Short web captions:
================
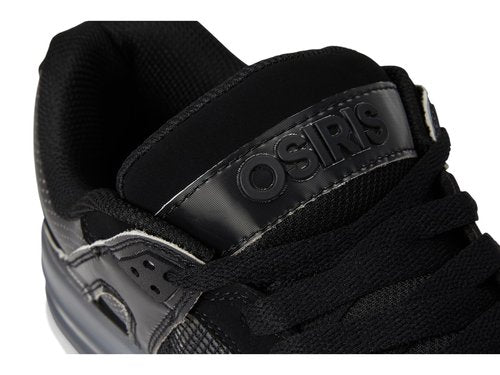 Osiris Mens Pixel Silver/Black/Holo 11 Medium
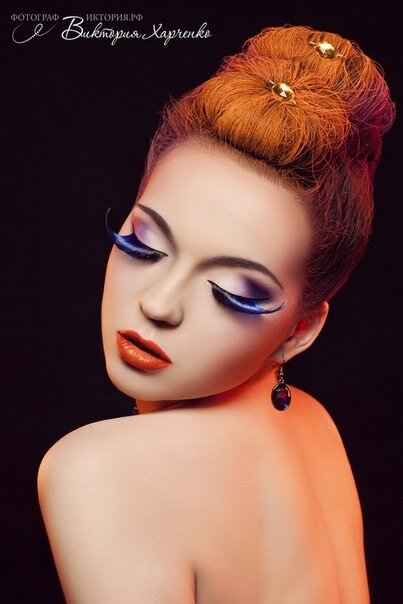 Oksana Kukina's photo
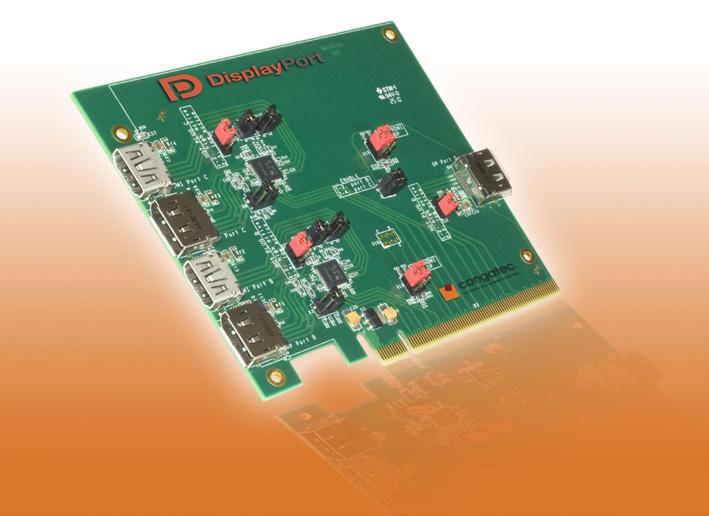 Digital Display Interfaces (DDI): Digital Display Interface is a sum of differential pairs that carry display data. The new Type 6 pinout allows the usage of up to 3 independent DDIs.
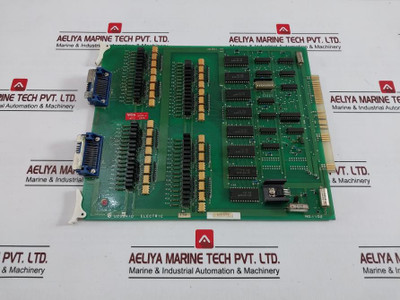 Uzushio Electric Udo01 Printed Circuit Board 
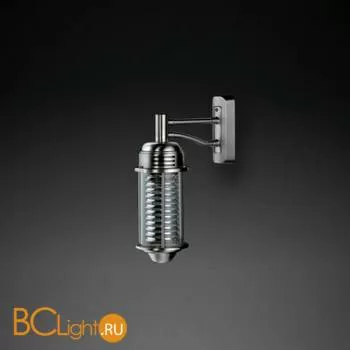 Настенный светильник Garden Light futura 2 95021 SS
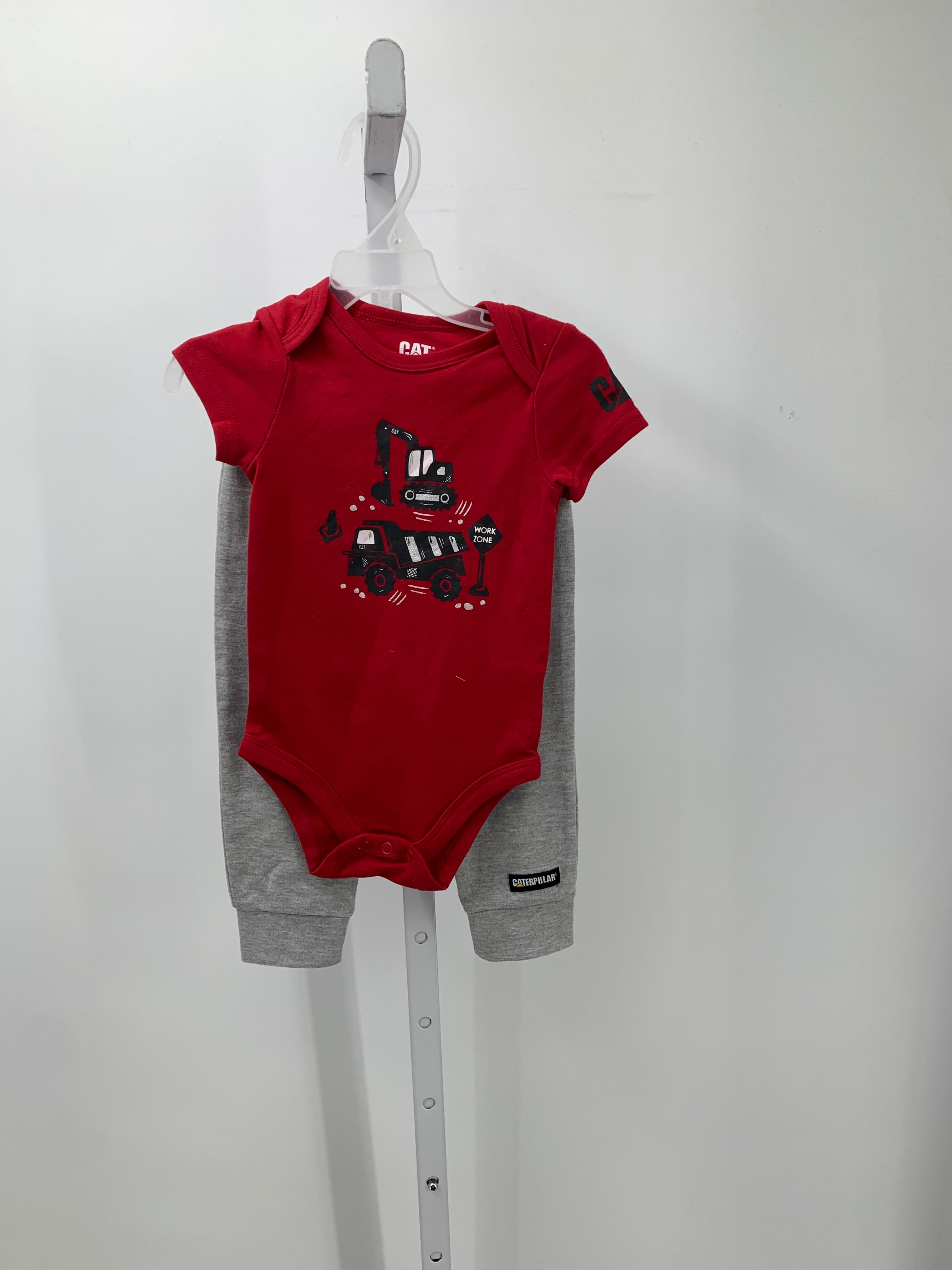 WORK ZONE SHIRT AND PANTS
================
* Aim of the exercise
In the records above, find the line that contains "Настенный светильник Garden". Print it and every later line exactly, omitting the pictures.

* Result for this task
 Настенный светильник Garden Light futura 2 95021 SS
 WORK ZONE SHIRT AND PANTS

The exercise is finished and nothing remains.